Palm oil plantation crime drives illegal logging in Indonesia
JAKARTA: The clear-cutting of forests to make way for oil palm plantations is driving a wave of illegal logging in Indonesia, fundamentally undermining efforts to bring much-needed reform to the nation’s forestry and timber sectors.
A new report released today by the Environmental Investigation Agency (EIA), Permitting Crime: How palm oil expansion drives illegal logging in Indonesia, reveals how a widespread culture of corruption and poor law enforcement is generating a flood of illicit timber as plantations surge into frontier forests.
In-depth case studies of blatant violations of licensing procedures and other laws in Central Kalimantan – a hotspot for forest crime – detailed in the report include:
• outright violations of plantation licensing, timber and environmental regulations by firms clear-cutting forests in some of Indonesia’s richest tracts of rainforest;
• clear links between a series of palm oil concessions, a corrupt regent and one of the highest-profile Indonesian political graft cases of recent years;
• attempts by a palm oil firm to pay US$45,000 to police to bury an investigation into its illegal operations;
• local governments selling-out customary communities and facilitating the transfer of millions of dollars of their resources to private firms.
The report explains how almost all palm plantations nationwide are willfully evading Indonesia’s Timber Legality Verification System (Sistem Verifikasi Legalitas Kayu, or SVLK), a mandatory law implemented in September 2010 as a cornerstone of efforts to ensure only legal timber is produced in the country.

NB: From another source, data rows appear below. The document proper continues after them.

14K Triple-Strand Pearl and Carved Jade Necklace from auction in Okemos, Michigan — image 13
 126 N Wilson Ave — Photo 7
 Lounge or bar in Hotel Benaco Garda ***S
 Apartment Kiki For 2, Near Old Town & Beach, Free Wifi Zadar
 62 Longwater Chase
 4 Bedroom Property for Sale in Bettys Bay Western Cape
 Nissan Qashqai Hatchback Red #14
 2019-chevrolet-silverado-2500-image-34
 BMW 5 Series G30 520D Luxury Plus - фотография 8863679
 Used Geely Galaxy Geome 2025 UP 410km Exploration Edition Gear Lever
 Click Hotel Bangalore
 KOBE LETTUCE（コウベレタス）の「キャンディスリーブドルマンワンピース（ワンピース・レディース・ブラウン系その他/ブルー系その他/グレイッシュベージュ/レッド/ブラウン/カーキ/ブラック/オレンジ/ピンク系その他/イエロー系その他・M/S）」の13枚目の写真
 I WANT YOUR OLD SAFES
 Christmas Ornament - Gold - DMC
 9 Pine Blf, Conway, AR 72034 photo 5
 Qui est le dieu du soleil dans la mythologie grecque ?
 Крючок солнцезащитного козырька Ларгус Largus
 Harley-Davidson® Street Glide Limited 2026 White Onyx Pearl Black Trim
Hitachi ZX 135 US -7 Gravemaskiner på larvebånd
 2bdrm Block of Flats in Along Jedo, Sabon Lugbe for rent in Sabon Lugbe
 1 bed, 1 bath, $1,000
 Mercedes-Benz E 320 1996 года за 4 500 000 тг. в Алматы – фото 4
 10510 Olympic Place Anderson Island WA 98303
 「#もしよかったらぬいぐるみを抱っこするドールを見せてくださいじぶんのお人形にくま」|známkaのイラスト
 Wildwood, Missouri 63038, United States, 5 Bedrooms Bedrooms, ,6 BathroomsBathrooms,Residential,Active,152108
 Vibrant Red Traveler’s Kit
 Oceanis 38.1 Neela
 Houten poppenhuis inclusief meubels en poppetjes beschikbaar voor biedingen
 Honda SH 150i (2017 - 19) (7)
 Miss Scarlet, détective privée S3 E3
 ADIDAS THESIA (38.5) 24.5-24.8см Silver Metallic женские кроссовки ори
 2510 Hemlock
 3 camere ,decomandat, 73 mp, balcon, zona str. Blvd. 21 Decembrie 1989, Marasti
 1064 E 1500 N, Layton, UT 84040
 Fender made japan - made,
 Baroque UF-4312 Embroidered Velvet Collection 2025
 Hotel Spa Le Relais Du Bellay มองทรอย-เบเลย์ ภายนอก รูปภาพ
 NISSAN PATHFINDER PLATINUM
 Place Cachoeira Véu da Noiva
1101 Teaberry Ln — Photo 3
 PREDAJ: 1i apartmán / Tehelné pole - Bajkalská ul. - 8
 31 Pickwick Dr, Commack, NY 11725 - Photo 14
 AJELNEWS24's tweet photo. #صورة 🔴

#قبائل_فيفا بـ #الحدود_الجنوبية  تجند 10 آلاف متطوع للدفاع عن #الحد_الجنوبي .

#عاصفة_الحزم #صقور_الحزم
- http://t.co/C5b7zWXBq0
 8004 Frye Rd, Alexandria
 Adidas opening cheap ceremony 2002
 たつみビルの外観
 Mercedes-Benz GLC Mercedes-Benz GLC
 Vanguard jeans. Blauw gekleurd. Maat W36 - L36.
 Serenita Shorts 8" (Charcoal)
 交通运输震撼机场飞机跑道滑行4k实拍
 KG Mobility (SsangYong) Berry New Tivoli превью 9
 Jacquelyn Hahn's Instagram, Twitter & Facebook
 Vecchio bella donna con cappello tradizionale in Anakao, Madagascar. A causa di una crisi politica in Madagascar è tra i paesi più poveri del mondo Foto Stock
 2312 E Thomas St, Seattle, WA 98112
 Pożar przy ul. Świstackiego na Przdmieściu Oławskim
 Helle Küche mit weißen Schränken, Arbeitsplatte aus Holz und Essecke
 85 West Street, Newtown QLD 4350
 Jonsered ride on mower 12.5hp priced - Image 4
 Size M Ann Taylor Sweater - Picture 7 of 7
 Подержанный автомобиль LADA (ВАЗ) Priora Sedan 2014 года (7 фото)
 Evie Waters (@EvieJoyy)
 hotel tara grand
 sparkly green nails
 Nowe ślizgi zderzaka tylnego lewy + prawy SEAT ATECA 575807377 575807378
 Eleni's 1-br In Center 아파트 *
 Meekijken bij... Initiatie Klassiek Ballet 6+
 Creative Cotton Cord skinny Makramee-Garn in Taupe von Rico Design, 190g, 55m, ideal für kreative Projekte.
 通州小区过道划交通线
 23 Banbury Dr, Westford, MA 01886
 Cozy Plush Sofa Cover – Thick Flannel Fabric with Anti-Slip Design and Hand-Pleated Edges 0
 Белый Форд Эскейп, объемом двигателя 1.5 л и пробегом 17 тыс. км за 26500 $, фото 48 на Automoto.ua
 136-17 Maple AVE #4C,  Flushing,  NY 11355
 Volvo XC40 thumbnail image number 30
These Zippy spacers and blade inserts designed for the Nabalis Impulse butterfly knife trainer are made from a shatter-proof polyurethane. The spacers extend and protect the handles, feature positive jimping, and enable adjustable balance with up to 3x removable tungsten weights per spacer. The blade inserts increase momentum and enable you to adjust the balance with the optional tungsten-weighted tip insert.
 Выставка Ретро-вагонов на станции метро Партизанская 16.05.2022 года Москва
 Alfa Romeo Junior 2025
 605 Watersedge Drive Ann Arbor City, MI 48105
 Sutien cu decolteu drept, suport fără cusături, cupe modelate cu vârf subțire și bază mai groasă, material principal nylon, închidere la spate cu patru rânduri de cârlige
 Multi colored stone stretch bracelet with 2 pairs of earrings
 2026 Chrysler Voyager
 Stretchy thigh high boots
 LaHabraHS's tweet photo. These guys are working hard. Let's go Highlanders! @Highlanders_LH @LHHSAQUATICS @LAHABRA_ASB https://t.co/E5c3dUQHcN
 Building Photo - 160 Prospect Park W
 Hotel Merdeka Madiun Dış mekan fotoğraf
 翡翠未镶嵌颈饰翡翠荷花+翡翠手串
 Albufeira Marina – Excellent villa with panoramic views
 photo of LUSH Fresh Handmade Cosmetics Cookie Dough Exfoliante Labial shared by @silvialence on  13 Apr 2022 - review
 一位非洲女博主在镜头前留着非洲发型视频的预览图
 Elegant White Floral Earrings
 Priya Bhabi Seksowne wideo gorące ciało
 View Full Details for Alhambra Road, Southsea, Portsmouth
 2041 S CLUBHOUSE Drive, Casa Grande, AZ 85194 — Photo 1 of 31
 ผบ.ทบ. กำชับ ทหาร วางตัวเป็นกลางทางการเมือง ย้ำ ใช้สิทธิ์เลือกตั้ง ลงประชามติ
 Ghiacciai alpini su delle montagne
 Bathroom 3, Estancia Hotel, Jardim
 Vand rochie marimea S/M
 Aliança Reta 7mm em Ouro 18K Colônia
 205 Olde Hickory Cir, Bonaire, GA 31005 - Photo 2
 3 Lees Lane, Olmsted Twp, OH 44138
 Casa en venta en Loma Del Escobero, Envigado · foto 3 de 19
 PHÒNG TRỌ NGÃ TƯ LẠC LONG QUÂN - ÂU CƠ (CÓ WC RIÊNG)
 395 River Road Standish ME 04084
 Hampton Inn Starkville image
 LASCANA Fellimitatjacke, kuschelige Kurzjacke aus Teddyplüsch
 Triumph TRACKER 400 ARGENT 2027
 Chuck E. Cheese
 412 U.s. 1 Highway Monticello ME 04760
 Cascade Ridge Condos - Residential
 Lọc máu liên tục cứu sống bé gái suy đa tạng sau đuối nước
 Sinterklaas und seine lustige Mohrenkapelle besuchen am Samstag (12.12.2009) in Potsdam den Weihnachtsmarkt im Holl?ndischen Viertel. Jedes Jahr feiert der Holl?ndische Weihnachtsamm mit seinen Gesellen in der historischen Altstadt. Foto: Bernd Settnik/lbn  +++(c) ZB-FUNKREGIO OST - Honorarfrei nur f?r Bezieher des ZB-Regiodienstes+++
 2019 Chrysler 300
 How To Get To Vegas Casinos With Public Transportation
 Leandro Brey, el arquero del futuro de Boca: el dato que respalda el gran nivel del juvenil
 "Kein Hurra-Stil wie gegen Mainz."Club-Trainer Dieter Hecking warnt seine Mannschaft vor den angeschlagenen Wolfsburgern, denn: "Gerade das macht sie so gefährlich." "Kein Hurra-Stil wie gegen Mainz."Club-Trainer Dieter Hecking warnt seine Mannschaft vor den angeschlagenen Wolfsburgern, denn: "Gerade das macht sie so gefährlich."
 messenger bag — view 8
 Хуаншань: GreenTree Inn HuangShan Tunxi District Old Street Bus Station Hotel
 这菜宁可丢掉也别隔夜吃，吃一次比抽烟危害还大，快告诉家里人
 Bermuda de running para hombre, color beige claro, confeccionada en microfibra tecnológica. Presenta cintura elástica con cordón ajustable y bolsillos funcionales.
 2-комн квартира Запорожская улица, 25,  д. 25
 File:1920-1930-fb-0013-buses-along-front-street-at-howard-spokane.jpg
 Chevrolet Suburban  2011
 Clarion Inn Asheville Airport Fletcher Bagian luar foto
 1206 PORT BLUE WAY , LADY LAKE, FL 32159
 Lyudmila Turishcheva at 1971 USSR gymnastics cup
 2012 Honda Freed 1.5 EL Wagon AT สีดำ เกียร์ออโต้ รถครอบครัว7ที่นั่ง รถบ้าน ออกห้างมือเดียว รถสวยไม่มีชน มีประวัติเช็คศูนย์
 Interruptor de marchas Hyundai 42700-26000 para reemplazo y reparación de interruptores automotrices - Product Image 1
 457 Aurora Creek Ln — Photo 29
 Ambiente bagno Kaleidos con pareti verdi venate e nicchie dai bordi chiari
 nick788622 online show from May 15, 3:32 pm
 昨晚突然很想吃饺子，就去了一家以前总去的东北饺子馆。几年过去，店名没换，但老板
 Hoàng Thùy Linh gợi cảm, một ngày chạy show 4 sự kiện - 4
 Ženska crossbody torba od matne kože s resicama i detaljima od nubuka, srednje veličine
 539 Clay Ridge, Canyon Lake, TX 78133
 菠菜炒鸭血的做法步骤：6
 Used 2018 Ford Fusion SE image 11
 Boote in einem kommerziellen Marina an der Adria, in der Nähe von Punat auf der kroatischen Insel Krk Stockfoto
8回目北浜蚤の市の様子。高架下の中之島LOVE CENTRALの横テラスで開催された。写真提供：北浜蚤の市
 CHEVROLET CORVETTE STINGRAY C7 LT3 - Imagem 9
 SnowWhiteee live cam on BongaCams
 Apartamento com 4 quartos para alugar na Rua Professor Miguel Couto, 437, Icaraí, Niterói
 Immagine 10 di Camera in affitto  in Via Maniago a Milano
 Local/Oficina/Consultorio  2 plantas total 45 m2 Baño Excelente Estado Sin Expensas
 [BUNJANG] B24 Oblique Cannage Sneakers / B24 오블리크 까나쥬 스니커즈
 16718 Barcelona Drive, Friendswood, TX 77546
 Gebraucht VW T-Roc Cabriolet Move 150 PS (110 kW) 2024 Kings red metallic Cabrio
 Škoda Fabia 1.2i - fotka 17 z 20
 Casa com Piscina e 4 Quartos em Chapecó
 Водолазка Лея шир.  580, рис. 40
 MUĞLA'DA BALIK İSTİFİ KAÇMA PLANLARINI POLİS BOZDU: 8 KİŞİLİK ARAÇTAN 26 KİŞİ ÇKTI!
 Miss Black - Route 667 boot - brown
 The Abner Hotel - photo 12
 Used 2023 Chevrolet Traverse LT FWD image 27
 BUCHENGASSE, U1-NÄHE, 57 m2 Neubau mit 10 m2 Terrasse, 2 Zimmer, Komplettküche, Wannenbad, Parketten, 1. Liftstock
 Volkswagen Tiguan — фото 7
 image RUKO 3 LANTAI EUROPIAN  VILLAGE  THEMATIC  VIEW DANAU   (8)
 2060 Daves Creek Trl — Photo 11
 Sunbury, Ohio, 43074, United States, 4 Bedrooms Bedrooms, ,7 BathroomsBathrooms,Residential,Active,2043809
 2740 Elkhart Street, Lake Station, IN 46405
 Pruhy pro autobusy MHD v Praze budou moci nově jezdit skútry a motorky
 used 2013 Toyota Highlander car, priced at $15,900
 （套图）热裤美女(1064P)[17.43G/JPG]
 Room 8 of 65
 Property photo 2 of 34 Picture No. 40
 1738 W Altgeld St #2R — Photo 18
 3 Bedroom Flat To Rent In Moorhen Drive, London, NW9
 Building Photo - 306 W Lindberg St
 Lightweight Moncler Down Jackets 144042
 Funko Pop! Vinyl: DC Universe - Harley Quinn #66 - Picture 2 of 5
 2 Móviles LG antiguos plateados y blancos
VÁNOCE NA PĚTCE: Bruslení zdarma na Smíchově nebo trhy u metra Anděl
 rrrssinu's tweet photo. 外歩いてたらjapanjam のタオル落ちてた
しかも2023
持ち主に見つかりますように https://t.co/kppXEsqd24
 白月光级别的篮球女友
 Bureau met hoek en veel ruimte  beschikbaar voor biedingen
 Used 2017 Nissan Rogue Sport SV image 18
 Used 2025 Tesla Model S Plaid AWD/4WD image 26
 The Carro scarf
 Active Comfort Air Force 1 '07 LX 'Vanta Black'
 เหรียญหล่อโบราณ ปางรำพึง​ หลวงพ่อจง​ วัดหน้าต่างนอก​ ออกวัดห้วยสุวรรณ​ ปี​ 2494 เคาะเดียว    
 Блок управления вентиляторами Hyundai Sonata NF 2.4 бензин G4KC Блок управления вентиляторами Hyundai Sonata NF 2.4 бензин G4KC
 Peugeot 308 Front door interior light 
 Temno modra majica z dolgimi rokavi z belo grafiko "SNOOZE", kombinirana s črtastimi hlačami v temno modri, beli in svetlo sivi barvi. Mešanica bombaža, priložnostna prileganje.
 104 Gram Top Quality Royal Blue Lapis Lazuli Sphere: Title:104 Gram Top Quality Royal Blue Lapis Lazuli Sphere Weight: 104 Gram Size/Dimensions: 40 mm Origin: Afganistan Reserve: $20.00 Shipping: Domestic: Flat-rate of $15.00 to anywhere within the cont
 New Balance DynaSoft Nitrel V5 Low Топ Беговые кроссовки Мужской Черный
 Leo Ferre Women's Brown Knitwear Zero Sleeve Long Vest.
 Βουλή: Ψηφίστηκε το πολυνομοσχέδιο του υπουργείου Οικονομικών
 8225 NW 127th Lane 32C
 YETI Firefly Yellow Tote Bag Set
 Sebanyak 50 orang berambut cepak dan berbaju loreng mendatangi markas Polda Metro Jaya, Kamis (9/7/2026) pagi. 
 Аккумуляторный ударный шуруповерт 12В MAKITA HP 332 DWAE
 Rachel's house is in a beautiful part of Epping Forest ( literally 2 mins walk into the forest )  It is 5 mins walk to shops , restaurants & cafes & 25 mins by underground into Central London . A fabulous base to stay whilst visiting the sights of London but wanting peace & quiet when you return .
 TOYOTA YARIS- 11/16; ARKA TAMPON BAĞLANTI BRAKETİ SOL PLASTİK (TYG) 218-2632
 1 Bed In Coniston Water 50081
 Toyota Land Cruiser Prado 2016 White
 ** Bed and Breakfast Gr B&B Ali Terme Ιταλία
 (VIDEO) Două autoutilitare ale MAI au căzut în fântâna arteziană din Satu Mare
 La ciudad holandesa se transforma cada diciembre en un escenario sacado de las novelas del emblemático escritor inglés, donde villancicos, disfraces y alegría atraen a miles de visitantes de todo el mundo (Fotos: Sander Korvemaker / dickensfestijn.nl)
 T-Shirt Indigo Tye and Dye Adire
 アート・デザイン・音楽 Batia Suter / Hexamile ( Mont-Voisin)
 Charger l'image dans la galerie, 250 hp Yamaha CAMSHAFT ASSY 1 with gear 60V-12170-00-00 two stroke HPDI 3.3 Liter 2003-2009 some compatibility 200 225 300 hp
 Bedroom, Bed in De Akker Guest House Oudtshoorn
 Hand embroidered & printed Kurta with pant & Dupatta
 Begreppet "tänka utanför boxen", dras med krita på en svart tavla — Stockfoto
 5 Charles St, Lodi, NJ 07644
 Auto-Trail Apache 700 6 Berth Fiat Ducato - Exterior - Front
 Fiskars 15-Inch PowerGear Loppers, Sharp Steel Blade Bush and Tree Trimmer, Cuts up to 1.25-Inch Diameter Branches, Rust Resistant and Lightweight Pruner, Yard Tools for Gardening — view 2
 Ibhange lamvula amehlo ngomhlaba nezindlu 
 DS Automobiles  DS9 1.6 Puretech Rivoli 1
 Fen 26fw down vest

“Illegal logging in oil palm concessions is out of control and Indonesia’s revamped timber laws have completely failed to rein it in,” said EIA Forest Campaigner Tomasz Johnson.
“Our investigations have unearthed some of the worst cases, but we should be clear that levels of legal compliance are critically low across the sector. We have found that local governments are colluding with companies to fast-track the permit process. The result is that these clear-cuts do not identify or mitigate social and environmental impacts as they are legally required to do.”
In November 2014, newly inaugurated President Joko Widodo acknowledged the threat, stating: “It must be stopped. We mustn’t allow our tropical rainforest to disappear because of monoculture plantations like oil palm.”
EIA’s report makes clear recommendations for the Government of Indonesia to enforce existing laws and purge oil palm and timber corruption.
EIA Senior Forest Campaigner Jago Wadley said: “The Ministry of Environment & Forests needs to immediately force mandatory legality audits of all logging in palm plantations and revoke permits where firms resist them. Similarly, it must ensure land clearance ceases in all concessions found non-compliant with the 2014 SVLK legality standard, seize related timber and initiate legal proceedings.”
EIA also calls for a Task Force to be established to examine and prosecute corruption in plantation licensing nationwide, beginning with firms named in the report, and further urges the Government to cease allocating oil palm concessions in forests.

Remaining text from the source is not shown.